7. Shri Bhuyan, however, contends that under the terms of the policy, an insured owes a duty to the insurer to help the latter in such cases, and it is this duty which has led the owner to give company to the insurer. We do not think if such a term in the policy, even if true, on which we do not express any opinion as the policy is not before us, can scuttle the provision of law enshrined in Section 96(2) of the Act. In this connection, it would be apposite to refer to the provisions of Section 110C(2A) as inserted in the Act in 1969 by which a right has been conferred on the insurer to contest the claim on all or any of the grounds available to the person against whom the claim has been made, in case the Tribunal is satisfied that there is a collusion between the person making the claim and the person against whom the claim is made, or the person against whom the claim is made has failed to contest the claim. The present is definitely not a case of this nature inasmuch as the owner had duly contested the claim, and far from there being any collusion of the above type, he has joined hands with the insurer even in this appeal.
8. In the aforesaid view of the matter, we are of the view that the owner and the driver could not have preferred this appeal, and the approach to this court should be confined to the insurer.
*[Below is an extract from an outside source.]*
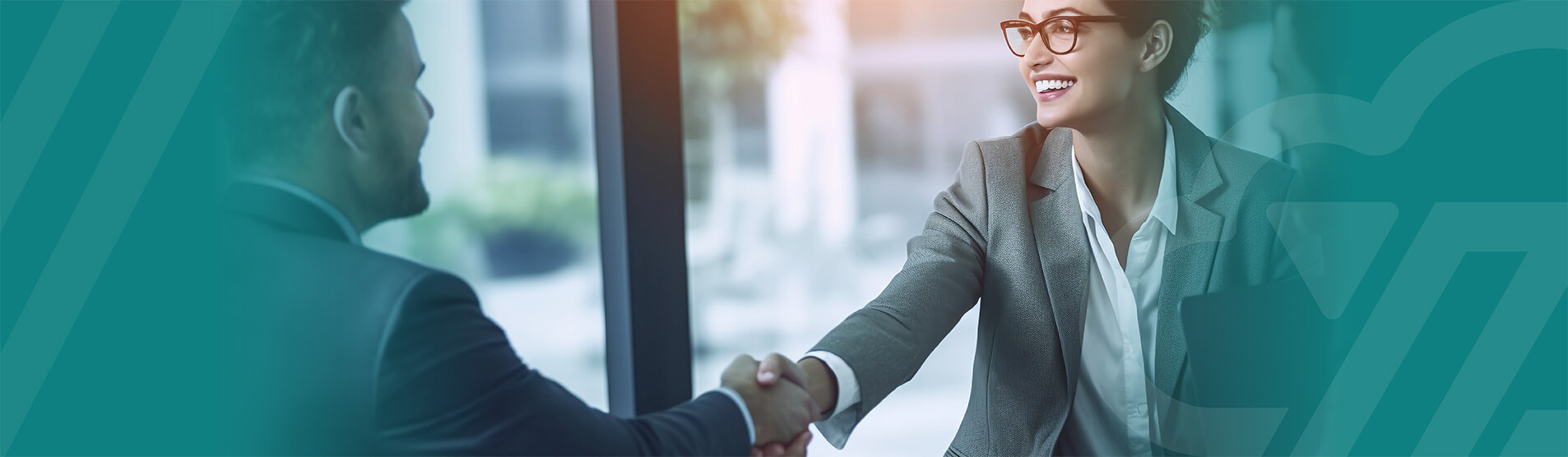 YunExpress Logistics Resource Banner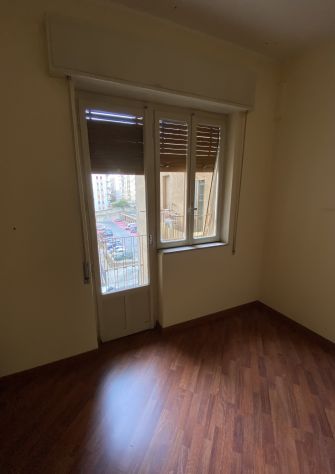 Stanza uso studio professionale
In such a situation, we cannot examine the issues relating to negligence and quantum, on which alone Shri Bhuyan wants us to address as these aspects are not covered by Section 96(2) of the Act.
9. The result is that the appeal is dismissed, the insurer should pay the remaining amount of Rs. 10,000 (out of Rs. 20,000 a sum of Rs. 10,000 is said to have been paid) along with interest and costs awarded within the period of 2 months from today, failing which the interest would run at the rate of 12% per annum after two months.